Se la musica vuoi far al mercato devi andar! Mi viene da risponderti quasi ‘proverbiando’… La musica è una forma di comunicazione, di espressione, pertanto il suo compimento sta nella condivisione. Sta a chi comunica trovare il modo migliore per farlo e per far arrivare il proprio messaggio… Esiste quindi solo un senso che dà senso alla musica… donarla agli altri.

Sfogati pure come vuoi: la vera grande difficoltà di questo mestiere?
È trovare conforto, supporto, sostegno incondizionato. L’artista ha bisogno di mecenati e non di mercenari.

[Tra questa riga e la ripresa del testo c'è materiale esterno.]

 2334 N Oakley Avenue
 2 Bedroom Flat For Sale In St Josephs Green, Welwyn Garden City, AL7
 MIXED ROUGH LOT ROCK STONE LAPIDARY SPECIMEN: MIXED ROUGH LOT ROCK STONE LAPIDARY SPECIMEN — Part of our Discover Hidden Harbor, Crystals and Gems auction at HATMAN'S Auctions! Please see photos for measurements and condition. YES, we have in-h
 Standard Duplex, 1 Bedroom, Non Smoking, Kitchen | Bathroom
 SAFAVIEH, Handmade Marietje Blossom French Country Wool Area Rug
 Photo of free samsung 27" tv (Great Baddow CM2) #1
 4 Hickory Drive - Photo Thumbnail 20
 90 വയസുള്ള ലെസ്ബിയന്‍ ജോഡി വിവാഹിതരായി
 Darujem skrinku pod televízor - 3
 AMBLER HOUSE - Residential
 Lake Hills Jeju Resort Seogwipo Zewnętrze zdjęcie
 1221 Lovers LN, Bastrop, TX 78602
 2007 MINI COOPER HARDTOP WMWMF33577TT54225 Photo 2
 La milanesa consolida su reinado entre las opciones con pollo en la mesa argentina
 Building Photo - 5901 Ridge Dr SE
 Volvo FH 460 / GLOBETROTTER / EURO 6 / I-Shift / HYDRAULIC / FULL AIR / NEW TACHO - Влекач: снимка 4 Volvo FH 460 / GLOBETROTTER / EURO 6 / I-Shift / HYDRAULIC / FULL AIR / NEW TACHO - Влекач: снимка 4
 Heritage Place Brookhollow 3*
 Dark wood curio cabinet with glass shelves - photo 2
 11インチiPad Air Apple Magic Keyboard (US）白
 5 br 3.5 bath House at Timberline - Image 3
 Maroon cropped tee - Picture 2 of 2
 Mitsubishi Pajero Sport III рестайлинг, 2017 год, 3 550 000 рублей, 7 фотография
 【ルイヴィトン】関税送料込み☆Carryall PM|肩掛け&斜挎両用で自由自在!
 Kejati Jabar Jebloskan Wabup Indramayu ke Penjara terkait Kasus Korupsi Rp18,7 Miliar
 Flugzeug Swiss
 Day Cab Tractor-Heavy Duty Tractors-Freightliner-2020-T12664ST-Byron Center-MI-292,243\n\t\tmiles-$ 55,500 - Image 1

E se avessi modo di risolvere questo problema, pensi che basti? Nel tuo caso specifico?
In molti ultimamente sono dediti, appassionati divulgatori di comandamenti, dictat, formule, consigli e segreti per ottenere successo, attirando orde di proseliti che si torturano di illusioni.
Per me, incurabile romantica, il successo della propria musica resta ancora una formula magica…

Finito il concerto di Alessia Ramusino: secondo te il fonico, per salutare il pubblico, che musica di sottofondo dovrebbe mandare?
Il mio prossimo singolo: A Perfect Life.